This restitution application was allowed and the
properties were re-delivered pursuant to these restitution
proceedings. Such re-delivery of the suit property is
evidenced by Exh. 82 dated 5.4.1966. Exhibits A25 and A27
are a report and account of the Amin who re-delivered
possession of the suit property to the Tarwad.
The respondent, P.K. Abdulla, thereupon filed suit
being OS 288 of 1966 contending that he was not evicted from
the suit property pursuant to the restitution proceeding and
there was no re-delivery of the suit property to the Tarwad.
He prayed for an injunction to restrain the defendant from
interfering with his possession of the property.
The trial court dismissed his suit holding that there
was a proper re-delivery of the property and the Tarwad got
back the property. In appeal the trial court’s judgment was
confirmed. A second appeal was filed by the respondent P.K.
Abdulla before the Kerala High Court. He also filed a
petition for amending the plaint to incorporate a prayer for
a declaration of his title and for recovery of possession of
the suit property. This prayer was granted and the judgment
and decree of the courts below was set aside and the matter
was remanded to the trial court permitting the respondent to
amend the plaint as indicated in the judgment and directing
the trial court to dispose of the suit in accordance with
law and in the light of the findings and observations in the
High Court’s judgment.
After remand the trial court found that the Tarwad had
obtained possession of the property pursuant to the
restitution proceedings. It also found that the respondent
who was the plaintiff there in had Established his title to
the suit property and his right to recover possession. It
accordingly decreed the suit allowing recovery of
possession. This finding was confirmed by the district court
and by the High Court.
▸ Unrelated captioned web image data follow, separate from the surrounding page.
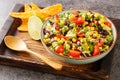 Homemade Cowboy salad or Texas caviar bean dip lime dressing, served with tortilla chips closeup in the bowl. Horizontal Royalty Free Stock Photo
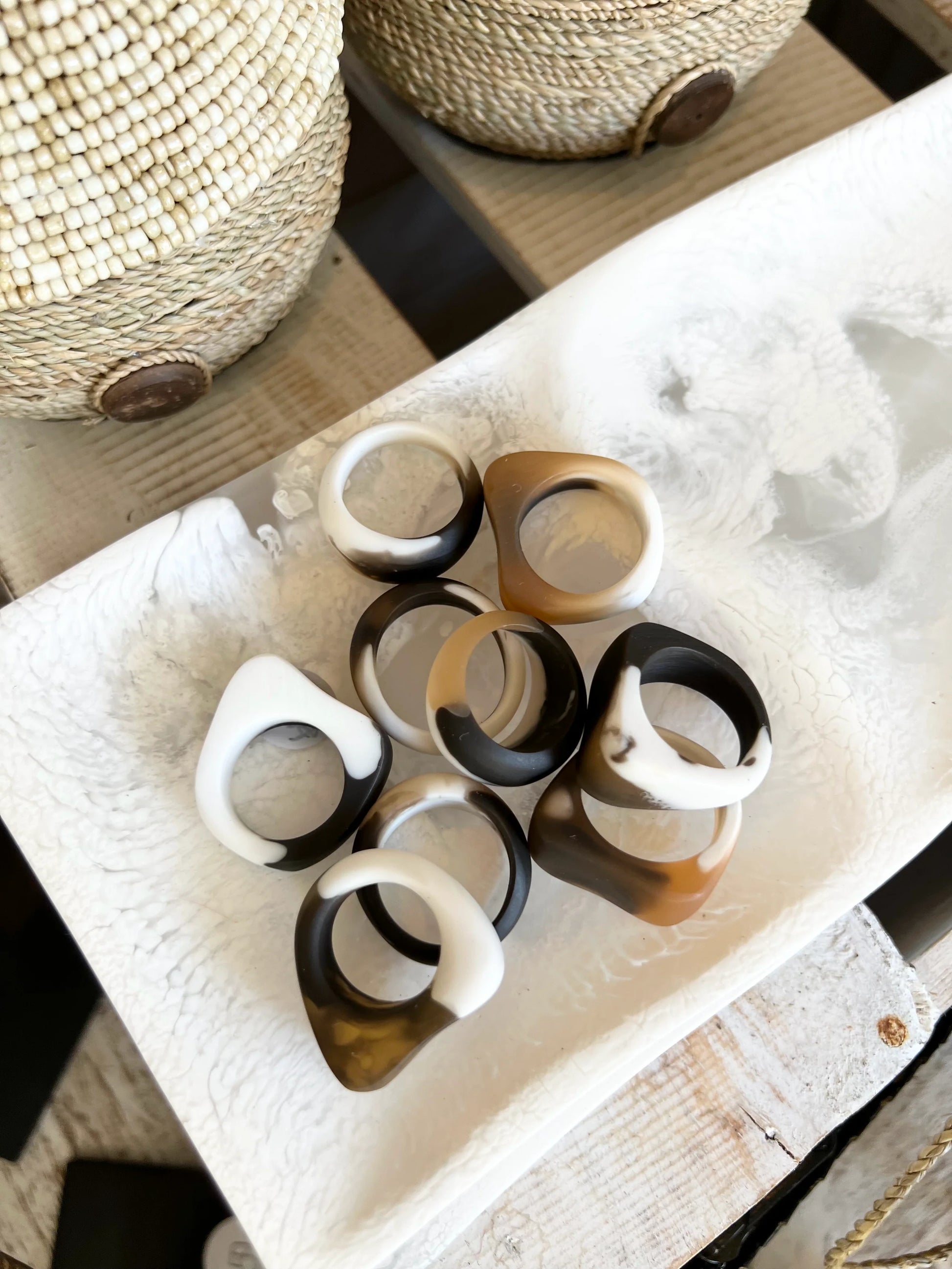 Set of resin rings on a textured surface with woven baskets in the background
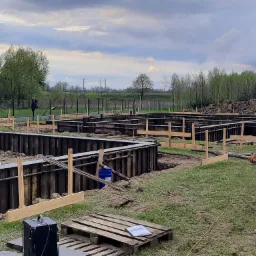 Przygotowanie szalunków pod fundamenty domu murowanego, widoczne metalowe ścianki szalunkowe i drewniane podpory, paleta z dokumentacją na pierwszym planie, krajobraz z drzewami w tle.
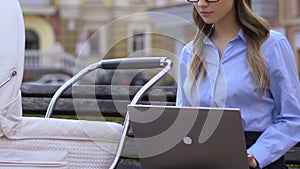 Young employed mother caring of baby while working on laptop, meeting deadline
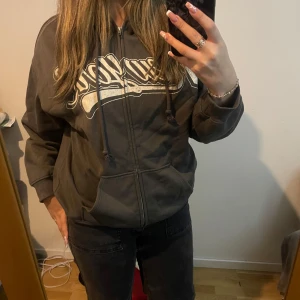 Mörkgrå hoodie med tryck och dragkedja - Säljer en mörkgrå hoodie med vitt tryck över bröstet. Det står NewYork. Tröjan har huva med snörning, dragkedja framtill och stora fickor. 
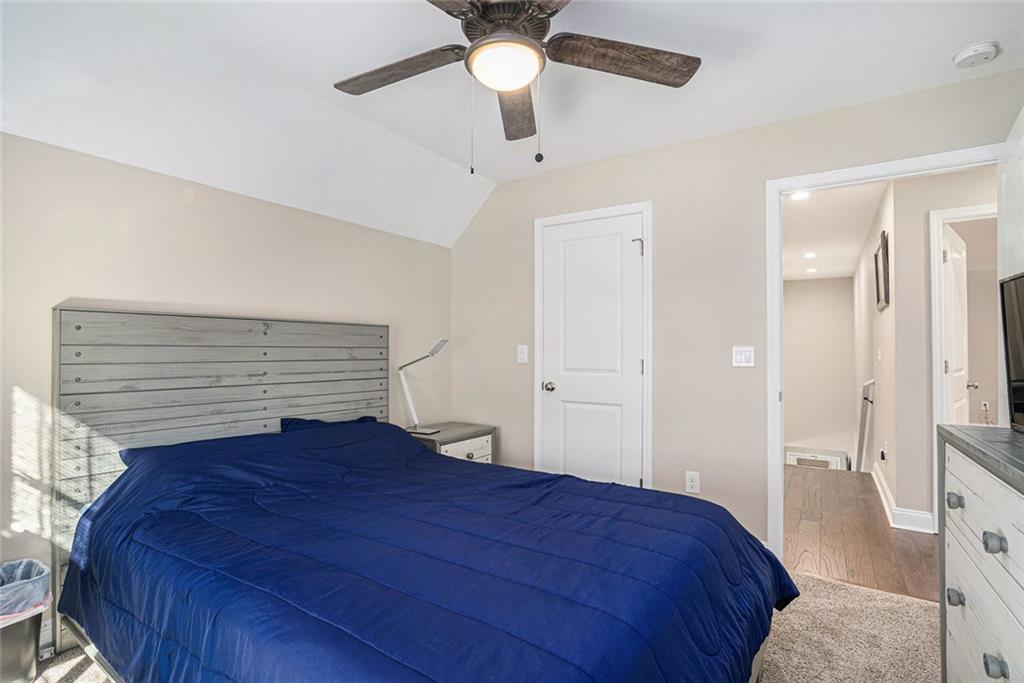 85 Jane Harris Road Dallas, GA 30157 - Photo 24 of 33 a bedroom with a bed and a ceiling fan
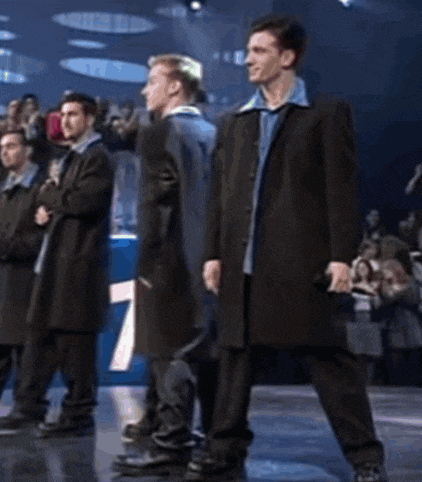 a group of men are standing in a line holding microphones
Hence the present appeal has come
before us.
The appellant before us is the successor-in-interest of
the Tarwad and its members who were the defendants in OS No.
397 of 1941. After the ex party decree in OS No.397 of 1941
was set aside the suit has been heard on merit and the
Munsif’s court by its judgment and order dated 26th
November, 1962 has dismissed the suit of Mohammed Haji for
eviction and recovery of possession but has decreed the suit
for arrears of rent and costs. It is, therefore, not in
dispute that the appellant as the successor-in-interest of
the original defendants in OS No.397 of 1941, is entitled to
restitution in so far as it is permissible in law, in
respect of the properties which were sold in execution of
the ex party decree which was set aside.
It is, however, contended by the respondent that he is
a lessee from the decree-holder auction purchaser. The
appellant cannot seek restitution of properties leased to
him by the decree-holder auction purchaser. The lease in his
favour is protected, he being a third party to the court
proceedings and the auction sale. This contention has been
upheld by the Kerala High Court and is challenged before us.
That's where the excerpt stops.